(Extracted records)
* * * *

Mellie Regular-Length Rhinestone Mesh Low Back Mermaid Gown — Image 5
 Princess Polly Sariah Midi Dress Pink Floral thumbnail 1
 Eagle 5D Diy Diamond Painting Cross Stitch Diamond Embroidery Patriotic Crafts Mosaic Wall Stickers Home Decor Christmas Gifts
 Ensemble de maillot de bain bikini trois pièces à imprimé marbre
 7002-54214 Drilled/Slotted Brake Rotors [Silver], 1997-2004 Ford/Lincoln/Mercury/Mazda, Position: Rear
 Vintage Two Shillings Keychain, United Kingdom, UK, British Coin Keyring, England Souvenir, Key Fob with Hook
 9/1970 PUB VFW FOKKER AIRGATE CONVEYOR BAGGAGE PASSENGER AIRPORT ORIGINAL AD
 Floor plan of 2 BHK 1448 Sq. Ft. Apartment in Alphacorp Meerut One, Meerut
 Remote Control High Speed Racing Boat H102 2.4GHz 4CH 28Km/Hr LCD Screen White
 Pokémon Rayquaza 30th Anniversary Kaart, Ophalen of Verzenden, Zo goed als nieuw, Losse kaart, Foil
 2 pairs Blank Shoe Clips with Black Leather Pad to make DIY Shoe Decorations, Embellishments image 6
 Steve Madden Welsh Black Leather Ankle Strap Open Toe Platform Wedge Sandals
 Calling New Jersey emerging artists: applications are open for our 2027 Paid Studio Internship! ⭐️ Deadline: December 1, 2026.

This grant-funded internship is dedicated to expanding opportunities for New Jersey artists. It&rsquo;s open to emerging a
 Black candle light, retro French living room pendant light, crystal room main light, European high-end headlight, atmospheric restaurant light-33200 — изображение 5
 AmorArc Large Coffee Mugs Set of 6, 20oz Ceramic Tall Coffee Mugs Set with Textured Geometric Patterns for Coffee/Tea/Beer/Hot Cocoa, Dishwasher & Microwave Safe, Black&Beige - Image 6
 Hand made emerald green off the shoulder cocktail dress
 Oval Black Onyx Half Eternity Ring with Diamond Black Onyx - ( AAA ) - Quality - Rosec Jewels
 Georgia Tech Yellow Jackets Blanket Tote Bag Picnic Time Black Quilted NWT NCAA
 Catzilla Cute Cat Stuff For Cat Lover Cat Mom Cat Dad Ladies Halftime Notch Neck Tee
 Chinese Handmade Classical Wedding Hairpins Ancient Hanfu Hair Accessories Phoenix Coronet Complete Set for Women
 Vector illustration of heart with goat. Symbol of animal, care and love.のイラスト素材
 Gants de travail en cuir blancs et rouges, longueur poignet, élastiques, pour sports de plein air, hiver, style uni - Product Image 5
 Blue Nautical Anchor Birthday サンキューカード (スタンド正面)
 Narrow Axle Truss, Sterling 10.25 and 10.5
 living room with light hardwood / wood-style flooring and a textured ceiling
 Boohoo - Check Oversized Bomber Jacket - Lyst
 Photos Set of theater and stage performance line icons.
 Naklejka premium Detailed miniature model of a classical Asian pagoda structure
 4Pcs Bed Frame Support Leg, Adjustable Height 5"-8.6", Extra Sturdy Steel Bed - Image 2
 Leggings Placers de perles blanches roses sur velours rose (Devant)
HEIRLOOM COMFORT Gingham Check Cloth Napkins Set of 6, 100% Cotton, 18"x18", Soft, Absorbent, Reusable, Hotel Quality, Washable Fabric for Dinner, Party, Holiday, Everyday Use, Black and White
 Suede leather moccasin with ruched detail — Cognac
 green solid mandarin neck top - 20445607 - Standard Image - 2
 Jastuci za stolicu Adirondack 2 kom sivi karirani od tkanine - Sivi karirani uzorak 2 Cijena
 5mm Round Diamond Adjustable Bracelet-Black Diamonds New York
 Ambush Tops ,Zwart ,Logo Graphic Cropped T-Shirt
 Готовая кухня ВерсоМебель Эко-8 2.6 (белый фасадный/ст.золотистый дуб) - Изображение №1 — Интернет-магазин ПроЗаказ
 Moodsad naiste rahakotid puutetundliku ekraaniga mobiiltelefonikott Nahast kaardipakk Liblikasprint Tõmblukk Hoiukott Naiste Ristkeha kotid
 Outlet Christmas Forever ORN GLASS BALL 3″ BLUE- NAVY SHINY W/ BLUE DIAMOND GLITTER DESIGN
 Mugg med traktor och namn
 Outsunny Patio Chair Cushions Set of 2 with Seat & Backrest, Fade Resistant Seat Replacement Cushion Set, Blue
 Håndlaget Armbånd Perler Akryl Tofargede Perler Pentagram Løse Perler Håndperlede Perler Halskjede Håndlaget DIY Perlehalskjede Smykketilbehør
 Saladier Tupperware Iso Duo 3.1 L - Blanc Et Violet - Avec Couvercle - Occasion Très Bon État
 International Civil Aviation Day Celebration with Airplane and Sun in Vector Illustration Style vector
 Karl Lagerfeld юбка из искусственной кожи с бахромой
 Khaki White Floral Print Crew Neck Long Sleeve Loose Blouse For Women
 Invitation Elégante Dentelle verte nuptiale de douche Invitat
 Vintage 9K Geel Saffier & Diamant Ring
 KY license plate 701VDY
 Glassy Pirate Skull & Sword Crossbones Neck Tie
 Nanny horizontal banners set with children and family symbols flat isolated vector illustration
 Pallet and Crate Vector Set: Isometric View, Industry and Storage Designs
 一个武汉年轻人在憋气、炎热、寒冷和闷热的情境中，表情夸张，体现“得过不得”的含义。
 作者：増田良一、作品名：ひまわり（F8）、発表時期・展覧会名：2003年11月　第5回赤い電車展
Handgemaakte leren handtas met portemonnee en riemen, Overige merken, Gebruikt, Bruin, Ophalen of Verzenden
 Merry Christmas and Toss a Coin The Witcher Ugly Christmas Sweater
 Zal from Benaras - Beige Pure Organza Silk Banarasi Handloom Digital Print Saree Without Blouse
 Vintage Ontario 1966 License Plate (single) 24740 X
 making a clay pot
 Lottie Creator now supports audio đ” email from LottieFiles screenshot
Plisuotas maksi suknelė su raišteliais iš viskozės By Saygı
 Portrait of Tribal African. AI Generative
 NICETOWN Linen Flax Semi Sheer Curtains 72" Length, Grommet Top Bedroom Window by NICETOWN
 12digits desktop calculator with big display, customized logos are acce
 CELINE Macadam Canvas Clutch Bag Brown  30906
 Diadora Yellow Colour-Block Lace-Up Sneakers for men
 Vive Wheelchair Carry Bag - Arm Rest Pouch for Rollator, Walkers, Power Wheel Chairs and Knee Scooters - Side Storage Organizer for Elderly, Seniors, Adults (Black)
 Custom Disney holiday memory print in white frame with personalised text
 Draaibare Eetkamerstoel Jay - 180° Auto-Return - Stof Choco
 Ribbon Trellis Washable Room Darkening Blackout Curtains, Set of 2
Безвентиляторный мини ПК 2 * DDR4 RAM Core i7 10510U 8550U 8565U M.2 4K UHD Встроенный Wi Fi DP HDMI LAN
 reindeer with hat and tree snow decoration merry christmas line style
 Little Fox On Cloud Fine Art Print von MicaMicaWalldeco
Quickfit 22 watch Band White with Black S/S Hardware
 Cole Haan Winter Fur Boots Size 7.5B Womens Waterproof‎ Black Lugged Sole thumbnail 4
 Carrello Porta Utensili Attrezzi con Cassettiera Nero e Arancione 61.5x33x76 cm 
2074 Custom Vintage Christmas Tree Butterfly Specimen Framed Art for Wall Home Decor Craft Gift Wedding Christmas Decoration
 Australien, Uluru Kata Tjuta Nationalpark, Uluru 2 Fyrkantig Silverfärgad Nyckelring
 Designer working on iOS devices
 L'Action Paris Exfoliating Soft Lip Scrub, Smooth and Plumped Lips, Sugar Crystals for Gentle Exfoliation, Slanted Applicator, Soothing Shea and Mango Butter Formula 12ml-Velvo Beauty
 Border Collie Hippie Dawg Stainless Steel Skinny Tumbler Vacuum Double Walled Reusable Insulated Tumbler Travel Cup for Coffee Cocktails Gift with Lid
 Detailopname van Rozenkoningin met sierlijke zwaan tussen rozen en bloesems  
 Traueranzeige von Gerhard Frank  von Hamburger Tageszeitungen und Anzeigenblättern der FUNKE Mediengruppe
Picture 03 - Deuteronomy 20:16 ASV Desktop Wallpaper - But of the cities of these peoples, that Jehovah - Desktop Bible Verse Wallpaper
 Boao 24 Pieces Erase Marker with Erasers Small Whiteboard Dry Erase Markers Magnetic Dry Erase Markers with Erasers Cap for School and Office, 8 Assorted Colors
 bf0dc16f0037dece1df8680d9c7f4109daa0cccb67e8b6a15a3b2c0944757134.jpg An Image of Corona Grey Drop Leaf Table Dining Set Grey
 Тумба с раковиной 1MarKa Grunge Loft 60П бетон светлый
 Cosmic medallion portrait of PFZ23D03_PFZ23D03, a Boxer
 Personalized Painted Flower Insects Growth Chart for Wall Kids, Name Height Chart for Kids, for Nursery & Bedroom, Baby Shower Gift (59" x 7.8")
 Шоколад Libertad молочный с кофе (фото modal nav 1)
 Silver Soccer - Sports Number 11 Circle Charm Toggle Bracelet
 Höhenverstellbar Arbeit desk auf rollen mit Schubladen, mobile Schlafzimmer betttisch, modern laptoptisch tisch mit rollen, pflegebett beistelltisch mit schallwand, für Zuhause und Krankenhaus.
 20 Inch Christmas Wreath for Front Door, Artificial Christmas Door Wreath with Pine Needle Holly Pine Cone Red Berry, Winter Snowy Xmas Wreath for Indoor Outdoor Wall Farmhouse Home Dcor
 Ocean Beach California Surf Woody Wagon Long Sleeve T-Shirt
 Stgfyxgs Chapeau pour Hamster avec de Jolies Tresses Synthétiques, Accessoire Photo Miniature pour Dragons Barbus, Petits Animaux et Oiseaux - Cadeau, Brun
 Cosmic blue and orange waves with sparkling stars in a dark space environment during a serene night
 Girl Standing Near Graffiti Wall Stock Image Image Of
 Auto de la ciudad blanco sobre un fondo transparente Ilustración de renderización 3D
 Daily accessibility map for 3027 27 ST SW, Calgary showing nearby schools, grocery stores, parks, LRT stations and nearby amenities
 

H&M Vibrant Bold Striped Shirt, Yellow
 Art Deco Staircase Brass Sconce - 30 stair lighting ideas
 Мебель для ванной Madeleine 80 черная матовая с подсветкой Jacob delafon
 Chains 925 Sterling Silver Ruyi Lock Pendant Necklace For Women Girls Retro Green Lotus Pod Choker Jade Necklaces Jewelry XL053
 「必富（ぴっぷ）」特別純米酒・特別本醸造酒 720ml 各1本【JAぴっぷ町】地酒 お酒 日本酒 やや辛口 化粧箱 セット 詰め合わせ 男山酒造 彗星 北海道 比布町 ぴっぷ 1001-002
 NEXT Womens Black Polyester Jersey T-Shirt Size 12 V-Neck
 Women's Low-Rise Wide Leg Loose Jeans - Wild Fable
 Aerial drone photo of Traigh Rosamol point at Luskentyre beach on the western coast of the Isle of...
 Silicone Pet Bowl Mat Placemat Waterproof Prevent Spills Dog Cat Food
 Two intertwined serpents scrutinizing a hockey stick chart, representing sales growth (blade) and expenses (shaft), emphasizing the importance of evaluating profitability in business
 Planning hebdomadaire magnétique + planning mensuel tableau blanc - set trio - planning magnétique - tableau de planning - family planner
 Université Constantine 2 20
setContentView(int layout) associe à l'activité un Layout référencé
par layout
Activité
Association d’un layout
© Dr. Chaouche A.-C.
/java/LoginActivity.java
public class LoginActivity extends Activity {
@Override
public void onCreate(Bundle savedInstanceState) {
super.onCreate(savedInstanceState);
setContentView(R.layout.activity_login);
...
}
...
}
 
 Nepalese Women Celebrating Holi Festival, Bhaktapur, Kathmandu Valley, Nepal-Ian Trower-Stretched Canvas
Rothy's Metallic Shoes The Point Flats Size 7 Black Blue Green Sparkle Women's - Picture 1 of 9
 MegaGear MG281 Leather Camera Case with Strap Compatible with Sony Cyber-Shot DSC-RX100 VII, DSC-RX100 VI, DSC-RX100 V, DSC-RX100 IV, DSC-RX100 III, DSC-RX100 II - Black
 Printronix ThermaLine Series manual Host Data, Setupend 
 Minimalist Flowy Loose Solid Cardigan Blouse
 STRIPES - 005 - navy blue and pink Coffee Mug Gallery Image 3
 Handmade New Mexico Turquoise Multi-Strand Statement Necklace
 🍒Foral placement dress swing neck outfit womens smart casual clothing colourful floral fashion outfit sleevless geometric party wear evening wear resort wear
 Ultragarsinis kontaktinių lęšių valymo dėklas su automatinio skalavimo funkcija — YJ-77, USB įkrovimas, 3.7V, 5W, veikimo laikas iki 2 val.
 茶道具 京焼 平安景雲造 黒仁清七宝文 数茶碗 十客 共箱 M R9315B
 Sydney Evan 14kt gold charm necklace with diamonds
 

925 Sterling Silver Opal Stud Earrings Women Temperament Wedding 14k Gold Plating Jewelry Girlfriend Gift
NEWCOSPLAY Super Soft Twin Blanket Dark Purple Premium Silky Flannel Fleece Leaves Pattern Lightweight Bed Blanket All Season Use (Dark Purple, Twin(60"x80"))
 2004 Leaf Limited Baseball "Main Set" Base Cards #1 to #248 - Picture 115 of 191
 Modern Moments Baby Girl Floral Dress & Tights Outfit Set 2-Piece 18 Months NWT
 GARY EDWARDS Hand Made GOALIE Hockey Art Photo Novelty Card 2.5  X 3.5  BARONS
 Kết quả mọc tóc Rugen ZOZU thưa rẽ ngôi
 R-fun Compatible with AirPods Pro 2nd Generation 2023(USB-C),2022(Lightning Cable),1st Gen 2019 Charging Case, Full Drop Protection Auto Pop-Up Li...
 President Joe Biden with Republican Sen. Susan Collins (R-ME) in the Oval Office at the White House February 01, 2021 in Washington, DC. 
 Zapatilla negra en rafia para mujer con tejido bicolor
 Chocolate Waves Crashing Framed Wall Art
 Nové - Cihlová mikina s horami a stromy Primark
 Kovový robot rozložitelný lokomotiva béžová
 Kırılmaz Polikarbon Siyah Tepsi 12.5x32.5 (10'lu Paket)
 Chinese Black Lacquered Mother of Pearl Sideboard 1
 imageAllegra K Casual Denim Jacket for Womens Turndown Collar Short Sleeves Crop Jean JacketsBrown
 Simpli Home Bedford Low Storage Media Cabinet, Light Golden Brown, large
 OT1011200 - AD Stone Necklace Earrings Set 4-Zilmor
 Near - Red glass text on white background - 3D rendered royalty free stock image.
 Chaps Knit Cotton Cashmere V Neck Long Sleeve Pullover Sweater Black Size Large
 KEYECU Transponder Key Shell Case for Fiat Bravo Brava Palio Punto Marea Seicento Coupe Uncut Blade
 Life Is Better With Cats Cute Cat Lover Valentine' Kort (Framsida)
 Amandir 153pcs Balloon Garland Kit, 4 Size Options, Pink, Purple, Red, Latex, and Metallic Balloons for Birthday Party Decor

* * * *

- Your objective
Copy only this part of the entries above: the line with "Тумба с раковиной", the line with "Auto de la ciudad", and the lines between, all exactly as written.

- Exercise output
 Тумба с раковиной 1MarKa Grunge Loft 60П бетон светлый
 Cosmic medallion portrait of PFZ23D03_PFZ23D03, a Boxer
 Personalized Painted Flower Insects Growth Chart for Wall Kids, Name Height Chart for Kids, for Nursery & Bedroom, Baby Shower Gift (59" x 7.8")
 Шоколад Libertad молочный с кофе (фото modal nav 1)
 Silver Soccer - Sports Number 11 Circle Charm Toggle Bracelet
 Höhenverstellbar Arbeit desk auf rollen mit Schubladen, mobile Schlafzimmer betttisch, modern laptoptisch tisch mit rollen, pflegebett beistelltisch mit schallwand, für Zuhause und Krankenhaus.
 20 Inch Christmas Wreath for Front Door, Artificial Christmas Door Wreath with Pine Needle Holly Pine Cone Red Berry, Winter Snowy Xmas Wreath for Indoor Outdoor Wall Farmhouse Home Dcor
 Ocean Beach California Surf Woody Wagon Long Sleeve T-Shirt
 Stgfyxgs Chapeau pour Hamster avec de Jolies Tresses Synthétiques, Accessoire Photo Miniature pour Dragons Barbus, Petits Animaux et Oiseaux - Cadeau, Brun
 Cosmic blue and orange waves with sparkling stars in a dark space environment during a serene night
 Girl Standing Near Graffiti Wall Stock Image Image Of
 Auto de la ciudad blanco sobre un fondo transparente Ilustración de renderización 3D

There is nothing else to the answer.